▶ PROMPT
Your answer should consist only of the lines below from the one with "Thiên Mệnh Chi Luyến: Chapter 46" through the one with "Aganorsa Leaf Aniversario Corojo Gran Toro", copied exactly.

Short web captions:
────
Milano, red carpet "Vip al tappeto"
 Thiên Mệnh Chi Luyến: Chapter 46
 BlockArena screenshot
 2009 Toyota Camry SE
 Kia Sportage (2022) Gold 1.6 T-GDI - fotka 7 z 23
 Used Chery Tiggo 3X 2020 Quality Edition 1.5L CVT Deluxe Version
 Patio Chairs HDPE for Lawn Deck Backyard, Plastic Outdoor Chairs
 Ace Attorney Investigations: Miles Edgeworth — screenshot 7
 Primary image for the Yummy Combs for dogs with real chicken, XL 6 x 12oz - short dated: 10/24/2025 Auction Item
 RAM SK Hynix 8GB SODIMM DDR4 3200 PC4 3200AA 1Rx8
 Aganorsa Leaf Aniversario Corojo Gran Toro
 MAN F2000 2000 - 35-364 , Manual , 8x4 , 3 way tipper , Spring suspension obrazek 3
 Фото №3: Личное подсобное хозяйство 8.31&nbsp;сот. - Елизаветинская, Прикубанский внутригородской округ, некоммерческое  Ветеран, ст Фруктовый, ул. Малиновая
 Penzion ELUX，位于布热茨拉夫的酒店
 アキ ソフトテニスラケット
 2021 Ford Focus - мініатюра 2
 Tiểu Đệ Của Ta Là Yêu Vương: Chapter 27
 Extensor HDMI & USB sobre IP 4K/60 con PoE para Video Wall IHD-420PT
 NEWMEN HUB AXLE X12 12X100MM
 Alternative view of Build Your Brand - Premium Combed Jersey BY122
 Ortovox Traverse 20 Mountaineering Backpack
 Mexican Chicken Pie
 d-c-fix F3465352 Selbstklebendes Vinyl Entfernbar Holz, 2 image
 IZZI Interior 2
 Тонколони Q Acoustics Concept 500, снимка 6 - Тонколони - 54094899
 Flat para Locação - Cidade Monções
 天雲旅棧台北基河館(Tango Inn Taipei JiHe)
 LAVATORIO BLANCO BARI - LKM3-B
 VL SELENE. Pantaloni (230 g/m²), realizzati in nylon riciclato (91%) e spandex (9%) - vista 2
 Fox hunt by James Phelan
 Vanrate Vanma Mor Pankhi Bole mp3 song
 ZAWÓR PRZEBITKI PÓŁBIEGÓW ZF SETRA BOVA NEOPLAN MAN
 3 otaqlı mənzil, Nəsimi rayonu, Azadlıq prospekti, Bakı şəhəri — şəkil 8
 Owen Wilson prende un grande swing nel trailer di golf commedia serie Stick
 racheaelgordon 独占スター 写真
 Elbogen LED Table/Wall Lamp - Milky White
────
▶ RESPONSE TO THE EXERCISE
 Thiên Mệnh Chi Luyến: Chapter 46
 BlockArena screenshot
 2009 Toyota Camry SE
 Kia Sportage (2022) Gold 1.6 T-GDI - fotka 7 z 23
 Used Chery Tiggo 3X 2020 Quality Edition 1.5L CVT Deluxe Version
 Patio Chairs HDPE for Lawn Deck Backyard, Plastic Outdoor Chairs
 Ace Attorney Investigations: Miles Edgeworth — screenshot 7
 Primary image for the Yummy Combs for dogs with real chicken, XL 6 x 12oz - short dated: 10/24/2025 Auction Item
 RAM SK Hynix 8GB SODIMM DDR4 3200 PC4 3200AA 1Rx8
 Aganorsa Leaf Aniversario Corojo Gran Toro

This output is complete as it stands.